# Help me figure out how to fish-sona?



## hibou-wu (Jun 24, 2016)

I'm thinking of designing a koi fish fursona, but I'm having trouble visualizing how to make this work? Anybody else have a fish character or other odd non-mammals that could help me brainstorm? I'd love to see what you guys have created!!

I'm on mobile but I'm gonna try to upload a pic of the sketches I've made so far........


----------



## Samandriel Morningstar (Jun 24, 2016)

Could always go the Mermaid/Merman way.
Have more aquatic characteristics an so forth,but still have a sort of human appearance.
I'd suggest looking up different styles of Merpeople and then go from there,it might help you iron out the initial look.


----------



## Nataku (Jun 26, 2016)

www.furaffinity.net: Betta Fish by Nataku
My anthro betta fish dude.

www.furaffinity.net: Thresher swim sketches by Nataku
My thresher shark. Lots more of thresher shark in my gallery. Oddly enough I don't have any more of betta dude up there right now.

Cheers for making a koi anthro, they are so pretty and one so rarely sees feeshy peeps. Things to consider (aka play around with) on fish or any aquatic anthro are: webbing between fingers and/or toes? You want them to be able to manipulate objects, but yet, they need to be able to swim and maneuver.
Fin placement: the fins are usually named off as pectoral (chest), dorsal (back) ventral (bottom), pelvic (hip), anal (but) and caudal (tail) but some of those placements don't always make sense if you were to plop them in an otherwise human frame (boob fins, I'm looking at you). I usually stick pectoral somewhere on the arms, and ventral fins go down to the legs - ankles or backs of calves seem to work pretty good. Anal fins either move out onto the 'body' of the tail, or just cease to exist, same with ventral fins that didn't make it to the legs. Pelvic fins, if they still exist, tend to rest as smaller, more decorative fins on the iliac arches (aka the top of your hip bones) . Although I saw someone once who did a 'manly, buff' fish anthro who had a hobbit trail beneath his belly button that was a ventral fin instead of hair.
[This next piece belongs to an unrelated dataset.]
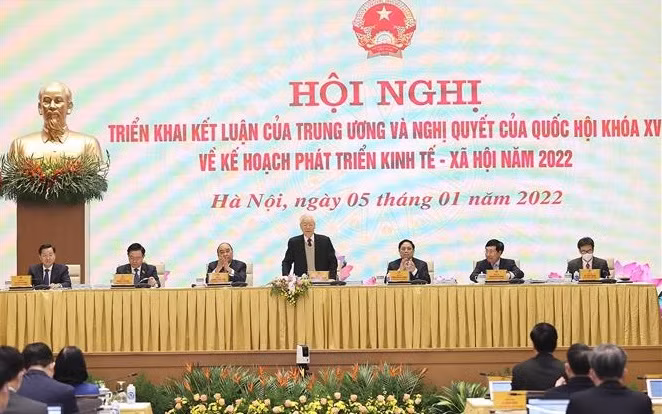 政府与各地方视频会议举行 阮富仲总书记等党和国家领导出席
Part of me thought that was a rather creative placement, and part of me just couldn't get over a fish. With a belly button.
Gills are a big consideration. Do they still have them? Where are they? On my betta, his operculum is his cheeks, and he can puff those out as desired (but then it's also a betta thing to flare one's gills, I don't think koi do that?). I've seen some people also put gills on necks. They've also shown up in the arm pits, or even been exposed gill frills/arches stretching between the sides and the underarms. I've also seen them on the chest - this is what I do for my shark, as I think it makes sense for fish that need high water flow. But I may just be over thinking it.

I hope you draw more of your koi and post it, I love seeing fish anthros.


----------



## hibou-wu (Jun 26, 2016)

Nataku said:


> www.furaffinity.net: Betta Fish by Nataku
> My anthro betta fish dude.
> 
> www.furaffinity.net: Thresher swim sketches by Nataku
> ...




These are some great ideas! I think I'll have to try out all these different suggestions you guys are giving me haha. And I guess too it'll depend on different factors what I go with, like the style and whether she's wearing clothes and whatnot lmao

Btw I did another drawing of her so far if you wanna check it out! www.furaffinity.net: My Fish-sona! by Hibou-wu


----------



## sebv2 (Jun 26, 2016)

Love the idea of using a koi, like someone else said, you don't see them too often. Also really like the two legs in addition to the tail. Not everything has to look like your stereotypical mermaid.


----------



## Hojozilla (Jun 27, 2016)

Oh man! This is adorable AF!! I have no suggestions because all of your ideas look great and creative to me!


----------



## xanderless (Jun 27, 2016)

I am in love w/ the bottom one in your picture!! It's really cute and reminds me a lot of very memorable fursona designs (in the sense of its impact, not actual design)


----------